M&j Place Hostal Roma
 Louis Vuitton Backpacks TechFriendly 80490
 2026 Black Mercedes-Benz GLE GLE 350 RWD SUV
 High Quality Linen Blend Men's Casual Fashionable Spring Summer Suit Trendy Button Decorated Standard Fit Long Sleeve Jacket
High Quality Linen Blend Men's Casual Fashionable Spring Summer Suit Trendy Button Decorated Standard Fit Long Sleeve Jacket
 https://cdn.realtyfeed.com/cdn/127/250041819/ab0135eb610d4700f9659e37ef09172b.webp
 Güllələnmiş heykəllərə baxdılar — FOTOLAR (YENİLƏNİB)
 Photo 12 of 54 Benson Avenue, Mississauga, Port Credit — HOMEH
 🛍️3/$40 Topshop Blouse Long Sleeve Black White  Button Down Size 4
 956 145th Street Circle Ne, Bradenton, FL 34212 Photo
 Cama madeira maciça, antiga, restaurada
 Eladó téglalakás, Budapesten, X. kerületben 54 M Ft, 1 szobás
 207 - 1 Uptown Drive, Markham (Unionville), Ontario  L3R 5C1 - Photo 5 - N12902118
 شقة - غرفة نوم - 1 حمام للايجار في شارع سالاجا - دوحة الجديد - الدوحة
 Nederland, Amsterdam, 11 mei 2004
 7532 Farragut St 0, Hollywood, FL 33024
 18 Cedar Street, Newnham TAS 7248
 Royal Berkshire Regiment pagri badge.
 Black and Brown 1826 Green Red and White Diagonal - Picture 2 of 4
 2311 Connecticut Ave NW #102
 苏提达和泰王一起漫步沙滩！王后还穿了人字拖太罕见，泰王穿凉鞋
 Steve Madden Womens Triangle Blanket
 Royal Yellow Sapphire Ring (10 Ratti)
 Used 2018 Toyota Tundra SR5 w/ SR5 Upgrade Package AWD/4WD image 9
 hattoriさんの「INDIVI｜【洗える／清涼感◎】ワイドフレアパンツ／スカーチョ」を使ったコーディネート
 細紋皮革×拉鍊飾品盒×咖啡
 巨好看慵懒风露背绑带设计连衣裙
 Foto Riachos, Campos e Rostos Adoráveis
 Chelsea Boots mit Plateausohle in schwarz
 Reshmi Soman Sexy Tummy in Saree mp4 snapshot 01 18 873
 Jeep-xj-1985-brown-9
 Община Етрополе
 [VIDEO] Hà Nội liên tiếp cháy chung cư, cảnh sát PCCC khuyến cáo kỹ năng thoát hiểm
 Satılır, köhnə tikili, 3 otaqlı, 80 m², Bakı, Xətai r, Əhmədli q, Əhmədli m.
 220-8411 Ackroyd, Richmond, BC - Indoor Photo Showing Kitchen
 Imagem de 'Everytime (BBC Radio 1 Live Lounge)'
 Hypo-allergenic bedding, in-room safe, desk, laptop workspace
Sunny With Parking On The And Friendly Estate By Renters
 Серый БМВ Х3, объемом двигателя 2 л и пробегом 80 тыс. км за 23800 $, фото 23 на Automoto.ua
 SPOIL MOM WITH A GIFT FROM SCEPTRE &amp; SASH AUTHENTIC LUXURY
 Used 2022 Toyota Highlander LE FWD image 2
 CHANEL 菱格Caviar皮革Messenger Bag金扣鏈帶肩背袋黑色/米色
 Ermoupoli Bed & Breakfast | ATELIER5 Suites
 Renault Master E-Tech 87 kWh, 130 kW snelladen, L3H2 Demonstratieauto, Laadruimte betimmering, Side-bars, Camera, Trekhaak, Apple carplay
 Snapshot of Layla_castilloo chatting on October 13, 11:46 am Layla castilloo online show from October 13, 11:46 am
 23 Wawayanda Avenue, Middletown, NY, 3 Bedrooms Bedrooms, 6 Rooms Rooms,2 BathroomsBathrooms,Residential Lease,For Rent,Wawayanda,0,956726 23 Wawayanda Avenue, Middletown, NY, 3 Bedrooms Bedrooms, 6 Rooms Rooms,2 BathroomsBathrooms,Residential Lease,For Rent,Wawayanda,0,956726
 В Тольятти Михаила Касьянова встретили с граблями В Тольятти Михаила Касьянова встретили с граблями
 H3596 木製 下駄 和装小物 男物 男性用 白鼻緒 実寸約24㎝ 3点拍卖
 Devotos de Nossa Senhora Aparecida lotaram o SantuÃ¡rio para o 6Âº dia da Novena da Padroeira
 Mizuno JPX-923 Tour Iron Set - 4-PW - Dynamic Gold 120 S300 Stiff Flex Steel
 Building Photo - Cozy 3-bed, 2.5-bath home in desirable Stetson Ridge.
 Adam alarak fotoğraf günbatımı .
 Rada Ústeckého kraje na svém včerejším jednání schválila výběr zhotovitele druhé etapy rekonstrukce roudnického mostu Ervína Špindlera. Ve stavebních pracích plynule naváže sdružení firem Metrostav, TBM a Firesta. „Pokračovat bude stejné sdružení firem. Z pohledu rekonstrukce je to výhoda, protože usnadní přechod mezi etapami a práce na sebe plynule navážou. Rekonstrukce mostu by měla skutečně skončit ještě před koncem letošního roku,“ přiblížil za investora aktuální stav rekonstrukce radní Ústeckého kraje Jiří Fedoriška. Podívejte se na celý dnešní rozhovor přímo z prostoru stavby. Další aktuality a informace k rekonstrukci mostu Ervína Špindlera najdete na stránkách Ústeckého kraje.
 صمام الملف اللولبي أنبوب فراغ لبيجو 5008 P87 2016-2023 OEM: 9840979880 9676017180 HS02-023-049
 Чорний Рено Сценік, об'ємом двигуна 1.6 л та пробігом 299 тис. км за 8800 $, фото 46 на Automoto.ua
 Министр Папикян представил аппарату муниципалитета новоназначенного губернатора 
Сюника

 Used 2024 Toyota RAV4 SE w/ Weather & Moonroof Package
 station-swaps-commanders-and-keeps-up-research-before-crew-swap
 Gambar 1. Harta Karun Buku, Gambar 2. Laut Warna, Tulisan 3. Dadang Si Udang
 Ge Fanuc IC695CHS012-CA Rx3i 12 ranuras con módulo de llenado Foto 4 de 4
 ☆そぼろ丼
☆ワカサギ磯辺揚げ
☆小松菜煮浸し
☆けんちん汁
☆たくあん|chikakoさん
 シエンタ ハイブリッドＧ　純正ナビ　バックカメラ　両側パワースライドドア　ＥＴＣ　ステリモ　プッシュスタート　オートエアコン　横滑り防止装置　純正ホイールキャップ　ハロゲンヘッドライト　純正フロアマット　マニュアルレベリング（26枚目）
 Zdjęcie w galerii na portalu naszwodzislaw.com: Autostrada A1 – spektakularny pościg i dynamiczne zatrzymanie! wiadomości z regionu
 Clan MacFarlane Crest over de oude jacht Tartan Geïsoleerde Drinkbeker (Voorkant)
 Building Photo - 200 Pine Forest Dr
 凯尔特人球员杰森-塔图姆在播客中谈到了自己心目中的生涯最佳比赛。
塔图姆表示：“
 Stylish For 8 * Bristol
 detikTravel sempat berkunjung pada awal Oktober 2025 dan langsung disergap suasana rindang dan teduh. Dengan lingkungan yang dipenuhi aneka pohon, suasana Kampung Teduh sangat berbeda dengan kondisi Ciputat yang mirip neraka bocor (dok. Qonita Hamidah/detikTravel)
|---|
What the task asks:
Every line above from the line with "Satılır, köhnə tikili, 3" to the line with "Building Photo - Cozy", both included, must be reproduced exactly, and no other line may appear.

Task result:
 Satılır, köhnə tikili, 3 otaqlı, 80 m², Bakı, Xətai r, Əhmədli q, Əhmədli m.
 220-8411 Ackroyd, Richmond, BC - Indoor Photo Showing Kitchen
 Imagem de 'Everytime (BBC Radio 1 Live Lounge)'
 Hypo-allergenic bedding, in-room safe, desk, laptop workspace
Sunny With Parking On The And Friendly Estate By Renters
 Серый БМВ Х3, объемом двигателя 2 л и пробегом 80 тыс. км за 23800 $, фото 23 на Automoto.ua
 SPOIL MOM WITH A GIFT FROM SCEPTRE &amp; SASH AUTHENTIC LUXURY
 Used 2022 Toyota Highlander LE FWD image 2
 CHANEL 菱格Caviar皮革Messenger Bag金扣鏈帶肩背袋黑色/米色
 Ermoupoli Bed & Breakfast | ATELIER5 Suites
 Renault Master E-Tech 87 kWh, 130 kW snelladen, L3H2 Demonstratieauto, Laadruimte betimmering, Side-bars, Camera, Trekhaak, Apple carplay
 Snapshot of Layla_castilloo chatting on October 13, 11:46 am Layla castilloo online show from October 13, 11:46 am
 23 Wawayanda Avenue, Middletown, NY, 3 Bedrooms Bedrooms, 6 Rooms Rooms,2 BathroomsBathrooms,Residential Lease,For Rent,Wawayanda,0,956726 23 Wawayanda Avenue, Middletown, NY, 3 Bedrooms Bedrooms, 6 Rooms Rooms,2 BathroomsBathrooms,Residential Lease,For Rent,Wawayanda,0,956726
 В Тольятти Михаила Касьянова встретили с граблями В Тольятти Михаила Касьянова встретили с граблями
 H3596 木製 下駄 和装小物 男物 男性用 白鼻緒 実寸約24㎝ 3点拍卖
 Devotos de Nossa Senhora Aparecida lotaram o SantuÃ¡rio para o 6Âº dia da Novena da Padroeira
 Mizuno JPX-923 Tour Iron Set - 4-PW - Dynamic Gold 120 S300 Stiff Flex Steel
 Building Photo - Cozy 3-bed, 2.5-bath home in desirable Stetson Ridge.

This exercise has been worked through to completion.